Dossier : IMM-8700-12

Référence : 2013 CF 788

[traduction française certifiée, non révisée]

Ottawa (Ontario), le 15 juillet 2013

En présence de monsieur le juge Simon Noël

 

Entre :

 

HORVATH, GABOR

RACZ, GABRIELLA ROZA

HORVATH, DZSENIFER GABRIELLA

 

 

 

demandeurs

 

et

 

 

 

LE MINISTRE DE LA CITOYENNETÉ

ET DE L’IMMIGRATION

 

 

 

défendeur

 

 

 

 

 

           MOTIFS DE L’ORDONNANCE ET ORDONNANCE

 

[1]               La Cour est saisie d’une demande, présentée en application du paragraphe 72(1) de la Loi sur l’immigration et la protection des réfugiés, LC 2001, c 27 [la LIPR], de contrôle judiciaire de la décision du 13 août 2012 par laquelle la Section de la protection des réfugiés [la SPR] a rejeté la demande d’asile des demandeurs.

 

I.          Les faits

[2]               Les demandeurs, une famille de Budapest, sont d’origine ethnique rom. La demanderesse a souffert de racisme depuis sa naissance et en sixième année, elle a été victime de discrimination de la part des élèves de sa classe.

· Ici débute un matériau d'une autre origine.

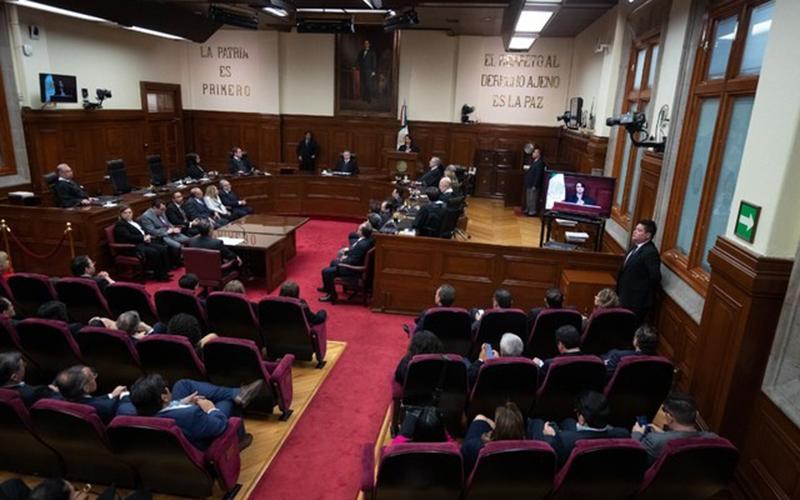 En rueda de prensa, jubilados recordaron que ellos fueron contratados con base en un artículo décimo transitorio, es decir, que la jubilación se calcularía en salarios mínimos, más no en UMA, la cual fue creada para evitar situaciones como multas, no para el pago de la pensión.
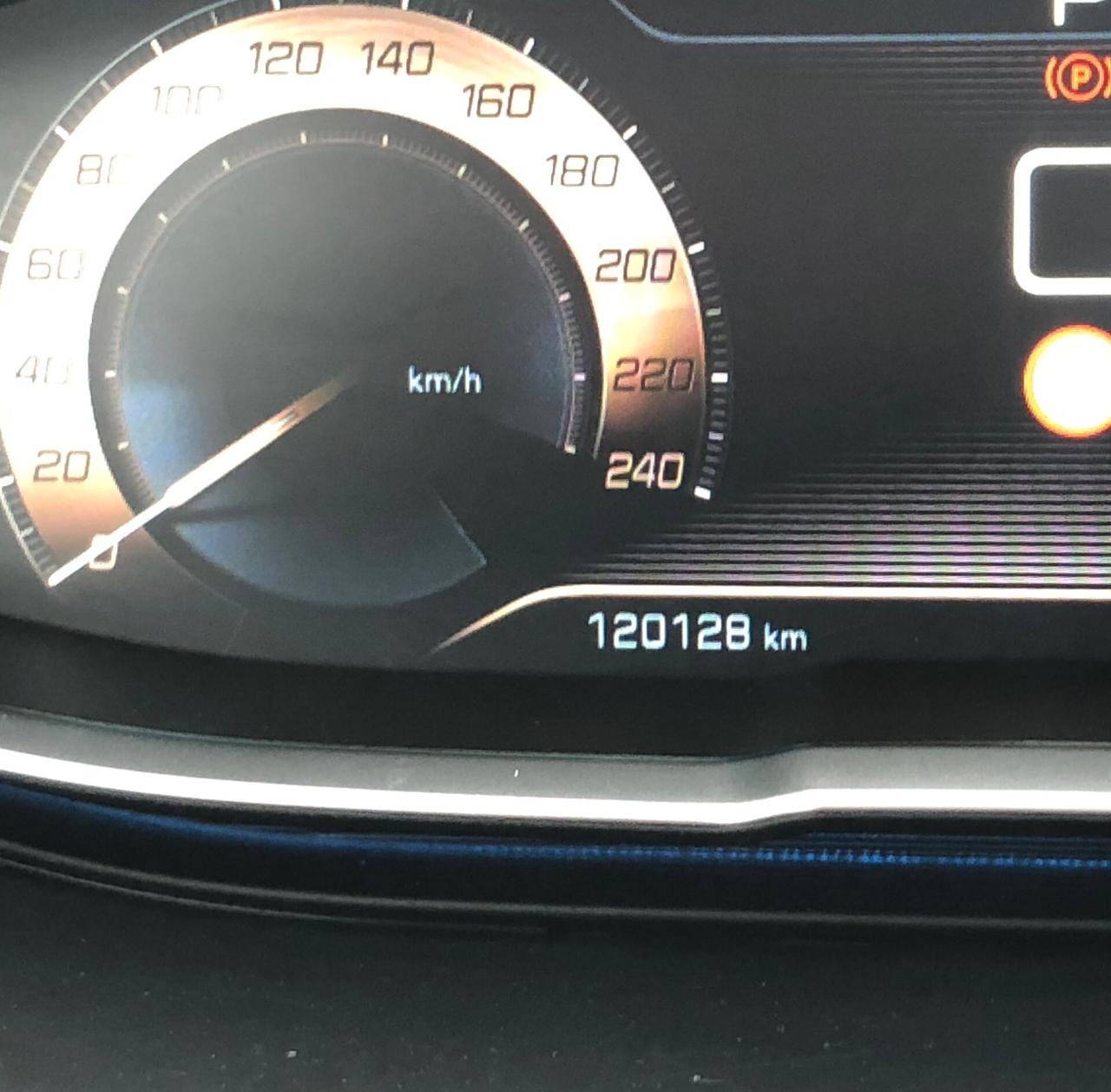 Peugeot 5008 BlueHDi 180 S&S EAT8 GT 7 posti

Ces élèves l’ont dénigrée et ont proféré des remarques menaçantes à son endroit et l’une d’entre elles lui a même écrasé de la crème glacée sur la tête. Ses parents l’ont retirée de l’école et ont déménagé dans une région où vivait un plus grand nombre de Roms. En 1999, des skinheads l’ont attaquée, ont déchiré son chandail et pris son sac à main. Le demandeur, qui est également un Rom, lui est venu en aide. Il a été attaqué par des skinheads à maintes reprises.

 

[3]               Au moment où leur fille a atteint l’âge de six ans, elle ne voulait plus aller à la garderie parce que les autres enfants l’affublaient de qualificatifs racistes. Lorsque la fille des demandeurs a commencé l’école en 2009, elle a fait l’objet de railleries racistes.

 

[4]               Lors d’une fin de semaine, les demandeurs tentaient de vendre des semences et des skinheads ont commencé à les battre et d’autres personnes leur lançaient des commentaires racistes. Bien que les demandeurs se soient adressés aux policiers, ceux‑ci les ont ignorés. Les demandeurs étaient traités avec suspicion dans les magasins. Des membres de la Garde hongroise ont commis des actes de violence. Les demandeurs s’étaient absentés une nuit et lorsqu’ils sont revenus à la maison, leur porte avait été ouverte à coups de pied, les fenêtres étaient cassées et leurs biens détruits. Ils sont venus au Canada le 6 octobre 2009 et ont présenté une demande d’asile quelques jours plus tard.

 

II.        Décision faisant l’objet du contrôle

[5]               La SPR a conclu que les demandeurs n’avaient pas établi l’existence d’une possibilité sérieuse d’être persécutés pour l’un des motifs prévus dans la Convention ni qu’ils ne seraient exposés personnellement, selon la prépondérance des probabilités, au risque d’être soumis à la torture ou à une menace à leur vie ou au risque de traitements ou peines inhabituels et inusités s’ils retournaient dans leur pays.

 

[6]               La SPR a tout d’abord conclu que plusieurs contradictions dans la preuve des demandeurs ressortaient de la comparaison entre leurs témoignages et leurs formulaires de renseignements personnels [FRP]. La demanderesse a déclaré que ses parents s’étaient plaints au directeur de l’école à propos de l’incident mettant en cause d’autres enfants et que le directeur n’avait rien fait. Toutefois, le fait que les parents de la demanderesse se sont plaints aux autorités scolaires et qu’ils ont été ignorés n’était pas mentionné dans son FRP. La SPR n’était pas satisfaite de l’explication selon laquelle la demanderesse ne savait pas pourquoi cet incident n’avait pas été inclus, alors que le FRP indique clairement que les demandeurs doivent mentionner toutes les tentatives faites en vue d’obtenir de la protection.

 

[7]               En outre, la demanderesse n’a pas signalé à la police l’incident de 1999 concernant les skinheads et a déclaré que des parents s’étaient rendus à la police à d’autres occasions et qu’ils n’avaient pas reçu d’aide. La SPR a conclu que la demanderesse manquait de crédibilité parce qu’elle n’avait pas relaté ce dernier fait dans son FRP et, encore une fois, la SPR a estimé insatisfaisante l’explication portant qu’elle ne savait pas pourquoi il n’avait pas été inclus.

 

[8]               La SPR a conclu que les documents d’immigration remplis par la demanderesse ne renvoyaient qu’à de la violence en général et non à de la violence dont elle avait personnellement fait l’objet. La SPR a donc conclu que cela minait sa crédibilité.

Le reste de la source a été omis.